MLD3 / FIDDLE

FlexIble Data-Driven pipeLinE – a preprocessing pipeline that transforms structured EHR data into feature vectors to be used with ML algorithms. https://doi.org/10.1093/jamia/ocaa139
http://tiny.cc/get_FIDDLE
MIT License
83 stars 18 forks source link

Error when not discretizing MIMIC-III time-series data - TypeError: bad operand type for unary ~: 'float' #11

Open MattHodgman opened 1 year ago

MattHodgman commented 1 year ago

I am running FIDDLE on data extracted from MIMIC-III using the pipeline outlined in FIDDLE-experiments. I have my population of ICU stays and am running FIDDLE with these parameters:

--T=240.0 --dt=1.0 --theta_1=0.003 --theta_2=0.003 --theta_freq=1 --stats_functions 'mean'

and other default ones found in run_make_all.sh.

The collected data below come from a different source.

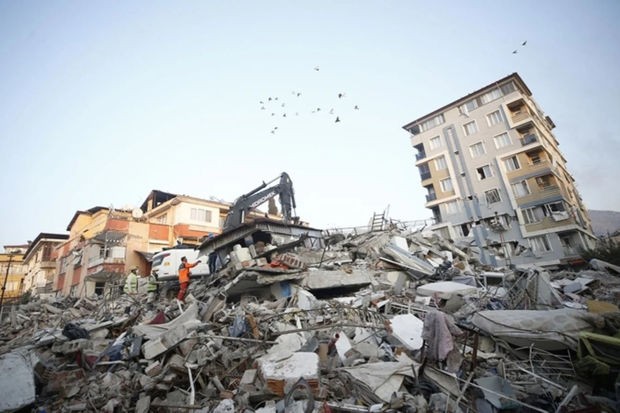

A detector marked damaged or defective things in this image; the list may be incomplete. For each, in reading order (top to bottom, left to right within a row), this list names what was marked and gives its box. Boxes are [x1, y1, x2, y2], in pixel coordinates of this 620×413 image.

broken window [486, 188, 502, 204]
shattered facade [402, 72, 596, 268]
damaged building [402, 72, 596, 268]
shattered facade [2, 225, 616, 412]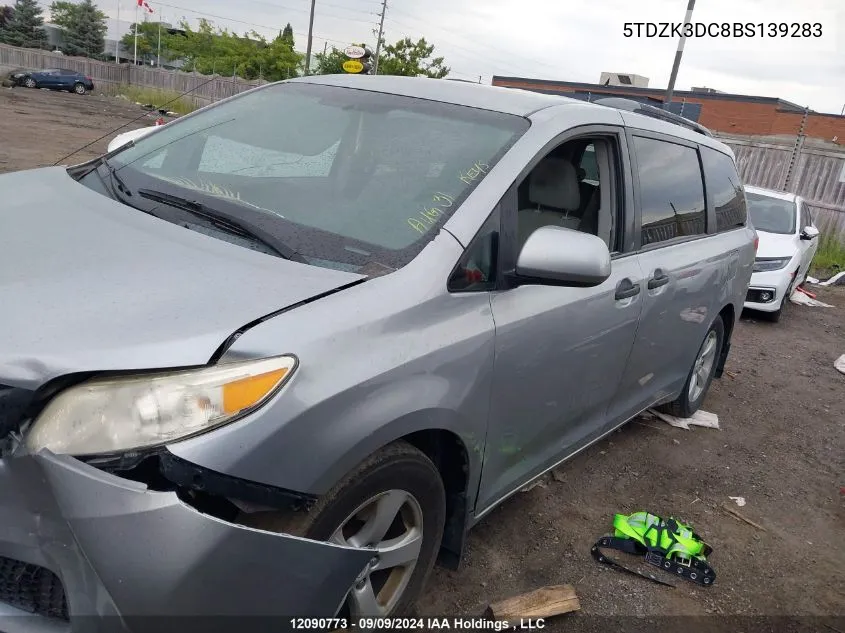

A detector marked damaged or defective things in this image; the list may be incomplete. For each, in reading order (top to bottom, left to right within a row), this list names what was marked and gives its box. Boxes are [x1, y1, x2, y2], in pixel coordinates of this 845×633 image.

dented hood [0, 165, 362, 388]
torn bumper cover [0, 450, 370, 632]
damaged front bumper [0, 450, 370, 632]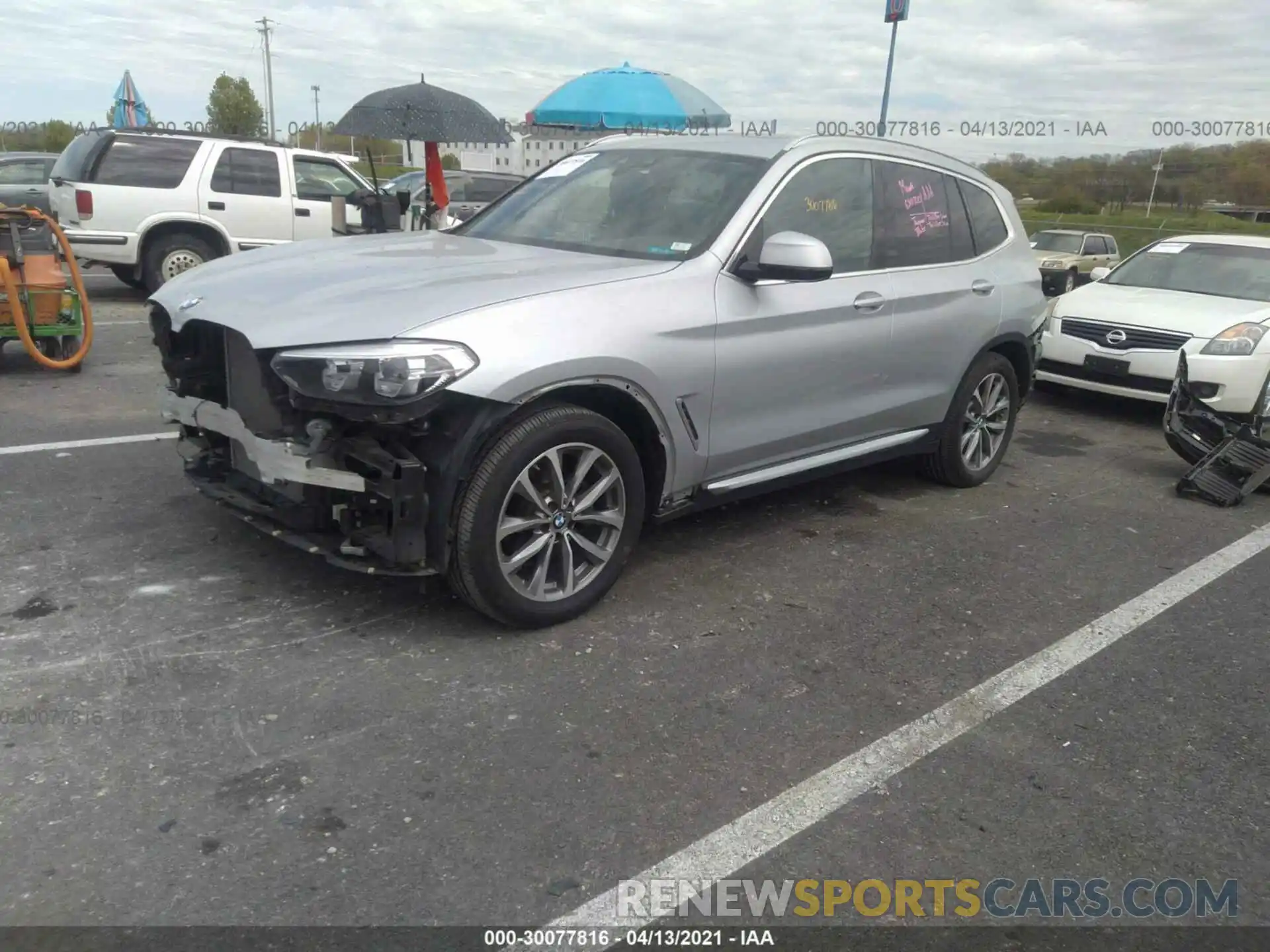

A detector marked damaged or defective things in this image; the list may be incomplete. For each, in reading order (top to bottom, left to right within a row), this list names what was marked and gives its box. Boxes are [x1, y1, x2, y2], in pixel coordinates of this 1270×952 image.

I get the following error:

Traceback (most recent call last):  
  File "/home/hodgman/miniconda3/envs/FIDDLE-env/lib/python3.7/runpy.py", line 193, in _run_module_as_main  
    "__main__", mod_spec)  
  File "/home/hodgman/miniconda3/envs/FIDDLE-env/lib/python3.7/runpy.py", line 85, in _run_code  
    exec(code, run_globals)  
  File "/home/hodgman/FIDDLE-experiments/FIDDLE/FIDDLE/run.py", line 141, in <module>  
    main()  
  File "/home/hodgman/FIDDLE-experiments/FIDDLE/FIDDLE/run.py", line 138, in main  
    X, X_feature_names, X_feature_aliases = FIDDLE_steps.process_time_dependent(df_time_series, args)  
  File "/home/hodgman/FIDDLE-experiments/FIDDLE/FIDDLE/steps.py", line 244, in process_time_dependent  
    X_all, X_all_feature_names, X_discretization_bins = map_time_series_features(df_time_series, dtypes_time_series, args)  
  File "/home/hodgman/FIDDLE-experiments/FIDDLE/FIDDLE/steps.py", line 604, in map_time_series_features  
    df.loc[~numeric_mask, col] = np.nan  
  File "/home/hodgman/miniconda3/envs/FIDDLE-env/lib/python3.7/site-packages/pandas/core/generic.py", line 1532, in __invert__  
    new_data = self._mgr.apply(operator.invert)  
  File "/home/hodgman/miniconda3/envs/FIDDLE-env/lib/python3.7/site-packages/pandas/core/internals/managers.py", line 325, in apply  
    applied = b.apply(f, **kwargs)  
  File "/home/hodgman/miniconda3/envs/FIDDLE-env/lib/python3.7/site-packages/pandas/core/internals/blocks.py", line 381, in apply  
    result = func(self.values, **kwargs)  
TypeError: bad operand type for unary ~: 'float'

Do you know what could be causing this error? I was able to determine that it first occurs in the column 225958 and numeric_mask contains at least one NaN value which must mean column 225958 contains None values however in in my input_data.p file there are no None or NaN variable_values for variable_name == '225958'.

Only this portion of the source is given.